*** EXTRACTED INFORMATION Section Begins ***

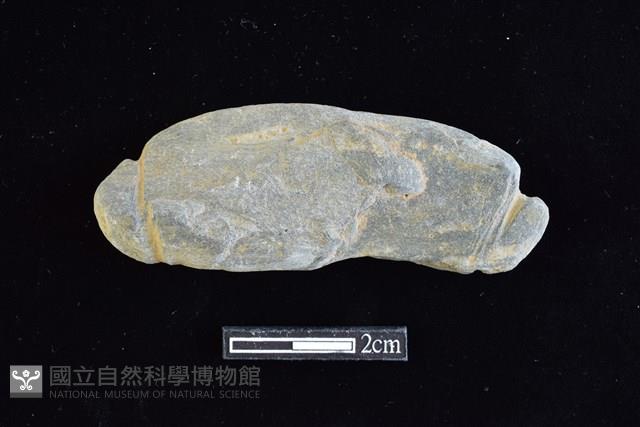 網墜藏品圖，第1張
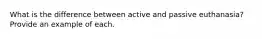 What is the difference between active and passive euthanasia? Provide an example of each.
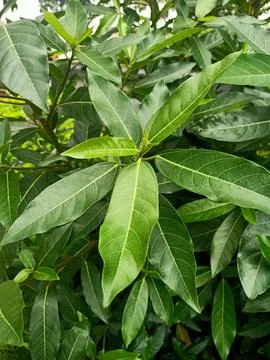 White Fig Plant Stock Photos
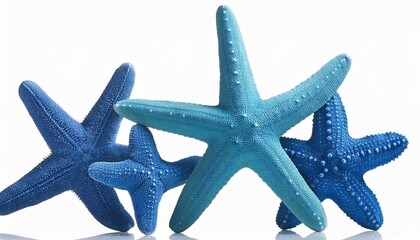 starfish on blue background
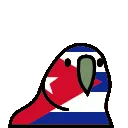 cubaParrot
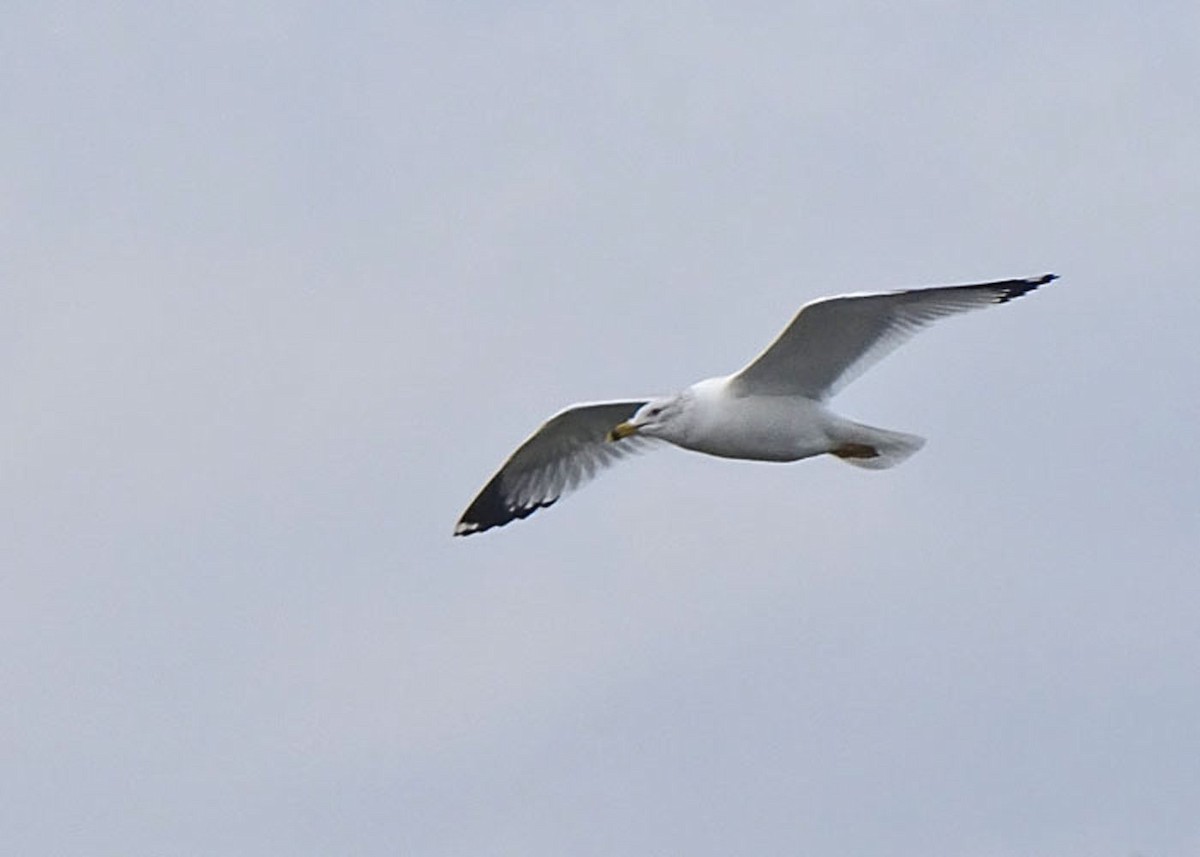 Ring-billed Gull - ML419297991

*** EXTRACTED INFORMATION Section Ends ***

◆ WHAT YOU HAVE TO DO ◆
Only exact copies are wanted here. Write out the lines from the one containing "What is the" through the end of the material and no others, omitting all pictures.

◆ RESPONSE BELOW ◆
 What is the difference between active and passive euthanasia? Provide an example of each.
 White Fig Plant Stock Photos
 starfish on blue background
 cubaParrot
 Ring-billed Gull - ML419297991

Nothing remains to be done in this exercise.